Diabetic retinopathy (DR) is one of the leading causes of decreased vision and blindness worldwide. Diabetes-induced oxidative stress is believed to be the key factor that initiates neuronal damage in the diabetic retina leading to DR. Experimental approaches to utilize dietary flavonoids, which possess both antidiabetic and antioxidant activities, might protect the retinal damage in diabetes.

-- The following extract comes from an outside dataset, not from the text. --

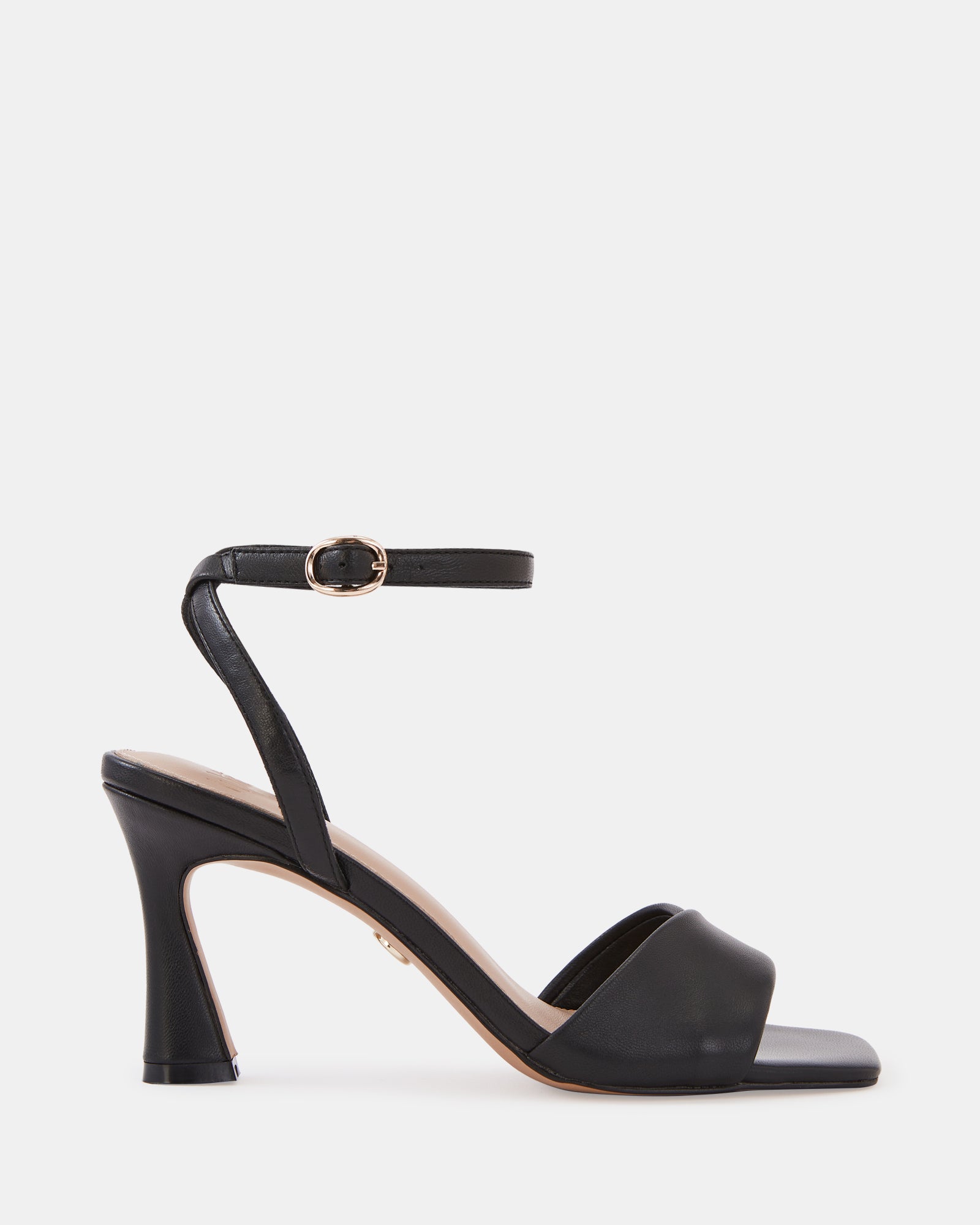 Yolanda Black Leather Flared Heel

The aim of this study was to investigate the potential protective effects of naringenin in the retina of streptozotocin-induced diabetic rats. Diabetic rats were orally treated and untreated with naringenin (50 mg/kg/day) for five weeks and retinas were analyzed for markers of oxidative stress, apoptosis and neurotrophic factors. Systemic effects of naringenin treatments were also analyzed and compared with untreated groups. The results showed that elevated levels of thiobarbituric acid reactive substances (TBARs) and decreased level of glutathione (GSH) in diabetic rats were ameliorated with naringenin treatments. Moreover, decreased levels of neuroprotective factors (Brain derived neurotrophic factor (BDNF)), tropomyosin related kinase B (TrkB) and synaptophysin in diabetic retina were augmented with naringenin treatments. In addition, naringenin treatment ameliorated the levels of apoptosis regulatory proteins; B cell lymphoma 2 (Bcl-2), Bcl-2 associated X protein (Bax) and caspase-3 in the diabetic retina. Thus, the study demonstrates the beneficial effects of naringenin that possesses anti-diabetic, antioxidant and antiapoptotic properties, which may limit neurodegeneration by providing neurotrophic support to prevent retinal damage in diabetic retinopathy.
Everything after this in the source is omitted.